In the quiet aftermath of their political careers, former ministers of Druk Nyamrup Tshogpa (DNT), who lost in the fourth parliament primary elections in November 2023, are rediscovering the rhythms of everyday life.

Some have returned to their villages to tend to family lands and build new homes, while others have become caregivers for elderly parents and relatives, babysitters for their children, and managers of household chores.

Three former ministers opted to spend more time in their constituencies. The former education minister, JB Rai, finds himself enjoying a simple, fulfilling moments of daily life away from the public eye. He has been living in his village in Pachu, about 5.1 kilometers from Phuentsholing town, since January this year, taking care of his 8-acre ancestral land, his 97 and 92-year-old grandparents, and an 85-year-old speech-impaired woman.

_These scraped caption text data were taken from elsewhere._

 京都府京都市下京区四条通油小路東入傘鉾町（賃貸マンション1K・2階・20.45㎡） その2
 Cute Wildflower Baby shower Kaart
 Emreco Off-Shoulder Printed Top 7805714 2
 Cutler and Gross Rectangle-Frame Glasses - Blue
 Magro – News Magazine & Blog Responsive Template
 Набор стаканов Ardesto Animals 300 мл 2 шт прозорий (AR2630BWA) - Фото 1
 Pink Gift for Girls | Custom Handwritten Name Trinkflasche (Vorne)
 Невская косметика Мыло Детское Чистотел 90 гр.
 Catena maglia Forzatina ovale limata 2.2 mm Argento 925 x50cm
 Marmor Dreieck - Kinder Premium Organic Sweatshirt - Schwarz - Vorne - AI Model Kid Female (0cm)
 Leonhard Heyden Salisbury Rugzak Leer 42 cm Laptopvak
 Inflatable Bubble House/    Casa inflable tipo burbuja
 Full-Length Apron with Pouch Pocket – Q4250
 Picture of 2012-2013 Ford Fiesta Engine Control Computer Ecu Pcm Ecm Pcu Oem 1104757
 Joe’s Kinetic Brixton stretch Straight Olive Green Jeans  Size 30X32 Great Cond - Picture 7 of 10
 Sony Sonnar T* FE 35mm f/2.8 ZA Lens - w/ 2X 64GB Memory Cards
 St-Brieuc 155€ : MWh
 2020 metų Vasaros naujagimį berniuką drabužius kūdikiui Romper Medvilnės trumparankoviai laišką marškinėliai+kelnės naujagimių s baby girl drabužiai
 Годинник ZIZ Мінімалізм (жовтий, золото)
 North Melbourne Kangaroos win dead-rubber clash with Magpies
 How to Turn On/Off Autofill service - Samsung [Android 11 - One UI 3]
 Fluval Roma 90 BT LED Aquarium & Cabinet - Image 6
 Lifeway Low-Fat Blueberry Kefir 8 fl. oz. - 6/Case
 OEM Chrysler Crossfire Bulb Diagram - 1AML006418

Former Minister for Economic Affairs, Loknath Sharma, taking his father, who is unwell, to his village in Dorokha, Samtse

“Since no able persons or siblings are there to look after my inherited land, which is turning into a forest, I returned home to cultivate crops and plant fruit trees as well as attend to my grandparents,” JB Rai said, adding that he could not support them physically when he was serving the nation. “This is the right time to pay back through humble service. I am not only involved in farming. I am also the cook.”

His wife, who is a teacher, is living in Thimphu with their children. “I don’t have to worry about my family,” he said. 

Living in the village, the former minister also helps and guides farmers in plantations, education, forest, and livestock-related issues. “I am enjoying the spirit of rural life,” he said.

Former Minister for Economic Affairs, Loknath Sharma, is often seen driving a Bolero pickup truck in his hometown in Dorokha and along the Samtse-Phuentsholing highway ferrying construction materials. “The Bolero belongs to my nephew, and when I am in the village, I drive and fetch goods from Phuentsholing whenever required,” he said.

He uses his wife’s small Alto car when he is in Thimphu to drop and pick up his son from school. He cleans the house and does household chores while his wife is busy teaching at the school.

Lyonpo dreb (former minister) Loknath Sharma had a difficult time catching up after completing his five-year tenure as a minister since he didn’t have any business establishments to fall back on. “However, my ailing parents kept me engaged in the village,” he said, adding that he stayed about a month in Sarpang, where his mother passed away after the elections.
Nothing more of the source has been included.